Evidentemente, ao fazerem isso, certamente foram questionados por muitos sobre
a validade dessa prática. Então, para darem ainda mais respaldo a essa prática,
resolveram fazer um outro revisionismo histórico ainda mais absurdo: Resolveram
declarar que não foram os romanos que inventaram a Saturnália, e sim Adam
(Adão)! Tenho certeza de que alguns leitores irão reler a frase anterior
algumas vezes, tamanha a perplexidade com a afirmação feita. Porém, é fato
muito bem documentado no Talmud, que diz:
Disse R. Hanan b. Raba: A Calenda é
observada oito dias depois do equinócio. A Saturnália nos oito dias que
antecedem o equinócio. Como um mnemônico, tome o verso: 'Tu me cercaste por
detrás e diante.' [Sl. 139:5] Nossos rabinos ensinaram: Quando Adam, o
primeiro, viu o dia gradualmente tornar-se mais curto, disse: 'Ai de mim,
talvez porque pequei, o mundo à minha volta está se escurecendo e retornando ao
seu estado de caos e confusão. Este, portanto, é o tipo de morte ao qual fui
sentenciado pelos céus! Então começou a observar um jejum de oito dias. Mas, à
medida que observava o solstício de inverno, notou que o dia se tornava cada
vez mais longo, e disse: 'Este é o decurso do mundo,' e passou a observar uma
festa de oito dias. No ano seguinte, apontou a ambos por festividades. Agora,
ele os apontou em razão dos céus, mas os [pagãos] os apontaram em razão da
idolatria. (b. Avodá Zará 8a)
A primeira afirmativa é talvez a mais
absurda. Repare que os p'rushim (fariseus) tentam justificar a
Saturnália e a Calenda (outra festa pagã romana, de que se sabe pouco hoje em
dia) através de Tehilim/Salmos 139:5! Vejamos o que diz o salmo, em contexto:
Tu me cercas por trás e por diante e
sobre mim pões a mão. Tal conhecimento é maravilhoso demais para mim: é
sobremodo elevado, não o posso atingir. Para onde me ausentarei da tua Ruach?
Para onde fugirei da tua face? (Tehilim/Salmos 139:5-7)

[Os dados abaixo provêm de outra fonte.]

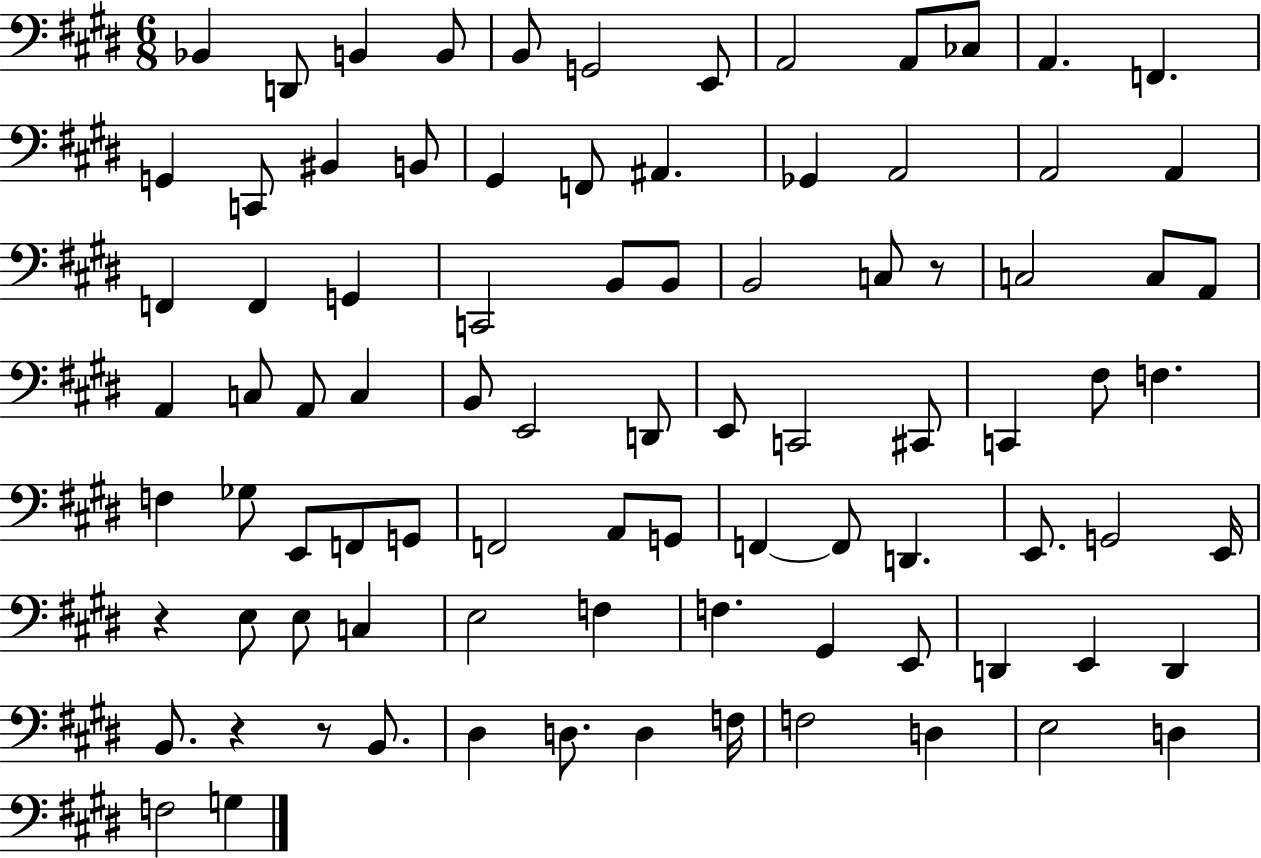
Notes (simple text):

Bb2/q D2/e B2/q B2/e B2/e G2/h E2/e A2/h A2/e CES3/e A2/q. F2/q. G2/q C2/e BIS2/q B2/e G#2/q F2/e A#2/q. Gb2/q A2/h A2/h A2/q F2/q F2/q G2/q C2/h B2/e B2/e B2/h C3/e R/e C3/h C3/e A2/e A2/q C3/e A2/e C3/q B2/e E2/h D2/e E2/e C2/h C#2/e C2/q F#3/e F3/q. F3/q Gb3/e E2/e F2/e G2/e F2/h A2/e G2/e F2/q F2/e D2/q. E2/e. G2/h E2/s R/q E3/e E3/e C3/q E3/h F3/q F3/q. G#2/q E2/e D2/q E2/q D2/q B2/e. R/q R/e B2/e. D#3/q D3/e. D3/q F3/s F3/h D3/q E3/h D3/q F3/h G3/q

O texto, obviamente, não tem nenhuma
relação com a Saturnália, e qualquer tentativa de associá-lo a essa prática
pagã já foge do âmbito do absurdo, e faz incursão na esfera do delírio total e
absoluto!
Além disso, a tentativa de afirmar
que Adam teria inventado a Saturnália é igualmente um absurdo que não merece
sequer ser comentado.
Paralelos em Outras Religiões Pagãs
Os costumes incorporados pelos
p'rushim (fariseus) na celebração de Chanuká também encontram semelhanças com
outras religiões que também foram influenciadas pela celebração do solstício de
inverno.
Um exemplo claro disso é o Diwali, o “Festival
das Luzes” do Hinduísmo, cujas celebrações também herdaram o costume das
luzes do solstício de inverno.
O termo "diwali" vem
do hindu, que significa "fileira de lâmpadas". O significado
espiritual do Diwali é "a luz que retorna à escuridão". Por
essa razão, nas casas, as famílias costumam acender as velas do Diwali para
protegê-las do mal, pois Diwali simboliza a vitória
sobre demônios.
Acima, uma imagem demonstra o
acendimento de velas (preferencialmente velas utilizando óleo) no Diwali. As
semelhanças, infelizmente, não são mera coincidência.